--- EXCERPTED DATA ---

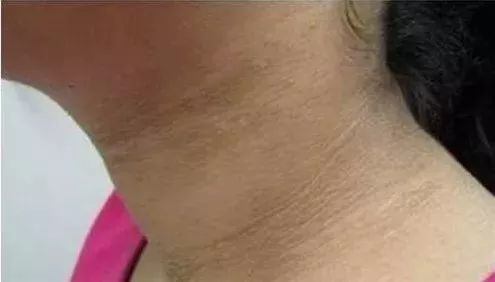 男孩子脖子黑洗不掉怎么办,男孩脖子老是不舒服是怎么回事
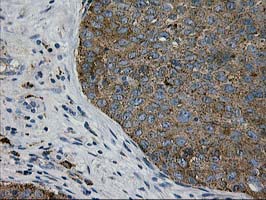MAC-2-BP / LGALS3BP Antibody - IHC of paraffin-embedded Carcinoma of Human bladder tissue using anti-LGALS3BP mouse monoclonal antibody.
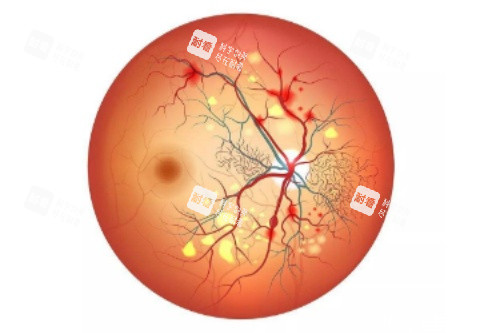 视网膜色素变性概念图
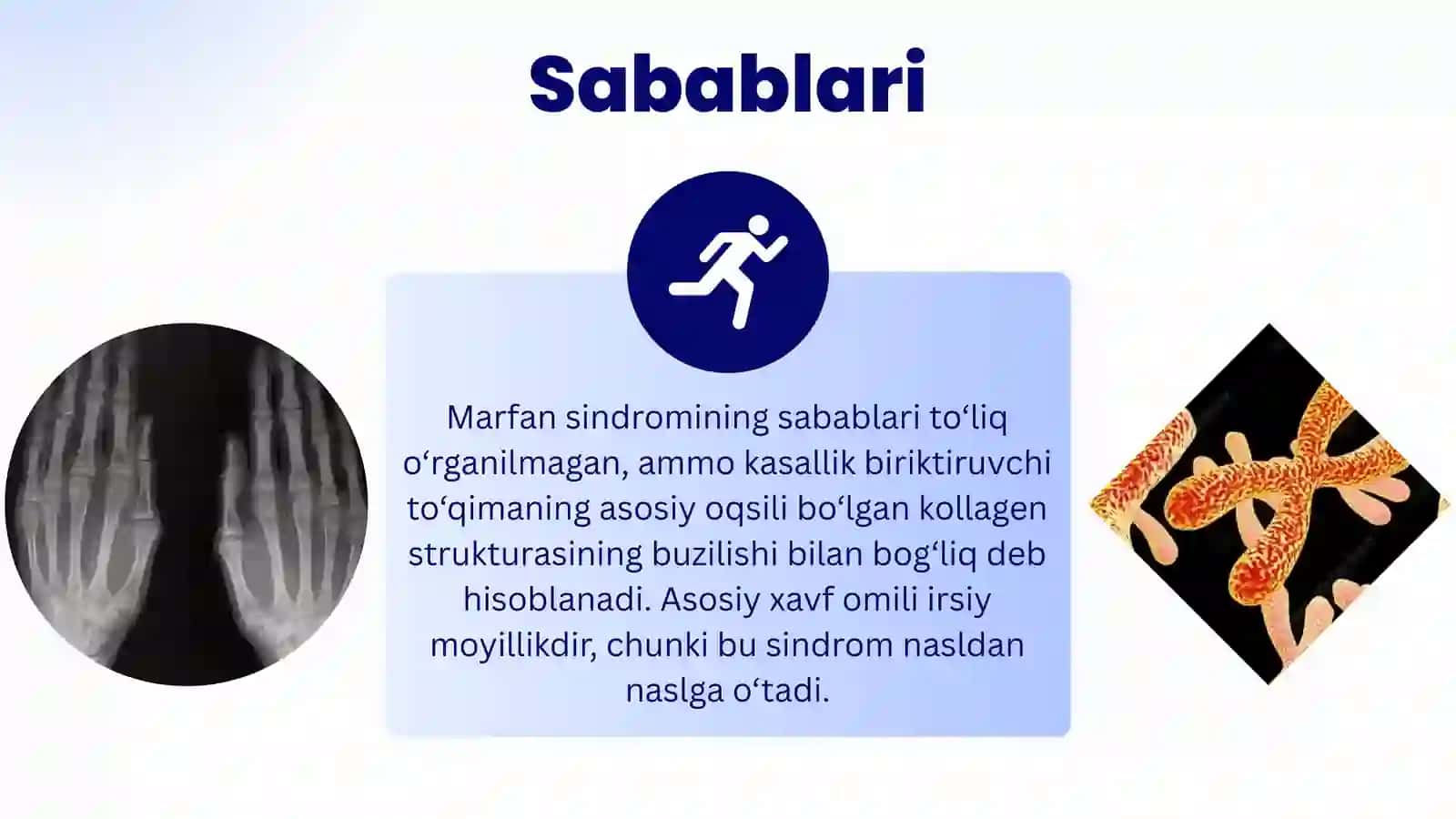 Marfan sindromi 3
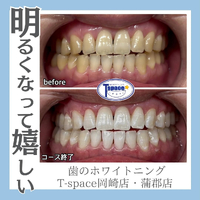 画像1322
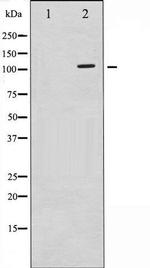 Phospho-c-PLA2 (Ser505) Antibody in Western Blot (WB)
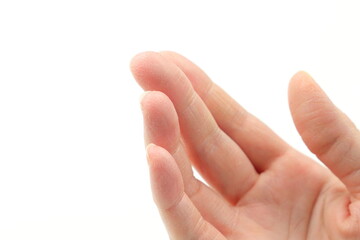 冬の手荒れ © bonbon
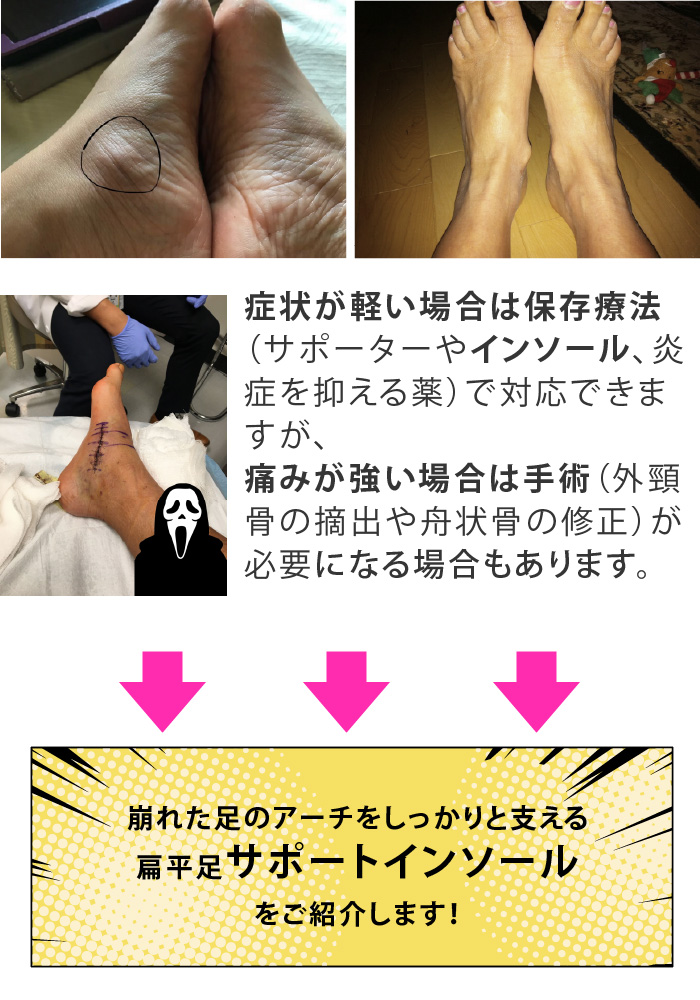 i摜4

--- AIM OF THE EXERCISE ---
All records above are to be printed exactly, minus the pictures they contain.

--- ANSWER SECTION ---
 男孩子脖子黑洗不掉怎么办,男孩脖子老是不舒服是怎么回事
MAC-2-BP / LGALS3BP Antibody - IHC of paraffin-embedded Carcinoma of Human bladder tissue using anti-LGALS3BP mouse monoclonal antibody.
 视网膜色素变性概念图
 Marfan sindromi 3
 画像1322
 Phospho-c-PLA2 (Ser505) Antibody in Western Blot (WB)
 冬の手荒れ © bonbon
 i摜4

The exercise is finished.